Bursa’da işlerin yoğunluğunu mazeret ederek işçinin öğlen yemeği molasına çıkmasına müsade etmeyen işkolik müdür tazminatsız kovuldu. İş Duruşması’nın tazminat ödenmesi tarafındaki kararı Yargıtay’dan döndü.
Bursa’da bir AVM’de mağaza müdürü olarak çalışan kişi, argümana nazaran işlerin yoğunluğunu mazeret ederek çalışanların öğlen yemeği molasına çıkmasına müsaade etmedi. Çalışanların şikayetlerini kıymetlendiren işletmeci, sayımda eksik çıkan eserlerin parasını çalışanlarından tahsil ettiği öne sürülen müdürü tazminatsız kovdu.
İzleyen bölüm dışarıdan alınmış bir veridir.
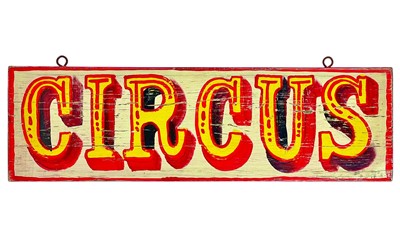 Lot 129 - A handpainted 'Circus' sign.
İş Duruşması’nın yolunu tutan müdür, iş akdinin davalı tarafça haksız olarak sona erdirildiğini, envanter sayımlarında çıkan eksikliğin teamül olarak uygulana gelen çıkan açığın paylaşımı niteliğinde olduğunu, sivil kıyafet ile çalışmanın bir kereye mahsus müşteriyi bekletmeden sorunu çözme gayeli olduğunu ileri sürerek;kıdem tazminatı, ihbar tazminatı, yıllık müsaade fiyatı, fazla mesai fiyatı ve ulusal bayram genel tatil fiyatı alacaklarını istedi.
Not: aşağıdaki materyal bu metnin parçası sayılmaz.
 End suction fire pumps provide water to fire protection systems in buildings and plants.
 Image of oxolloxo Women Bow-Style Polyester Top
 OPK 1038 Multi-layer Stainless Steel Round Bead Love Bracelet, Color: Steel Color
Davalı mağaza işletmecisi ise iş akdinin İş Kanunun 25/II-d hususu uyarınca haklı nedenle feshedildiğini, bu sebeple kıdem ve ihbar tazminatına hak kazanmadığını öne sürdü. Mağazada yapılan envanter sayımı sonucunda tespit edilen açıkları alt takımında çalışan çalışana zorla ödettiğinin ve bu hususta baskı oluşturduğunun, hasebiyle da şirket envanterleri ile kayıtlarını yanılttığının, işçinin öğlen yemeği molasını kullanmasına mani olduğunu lisana getirdi.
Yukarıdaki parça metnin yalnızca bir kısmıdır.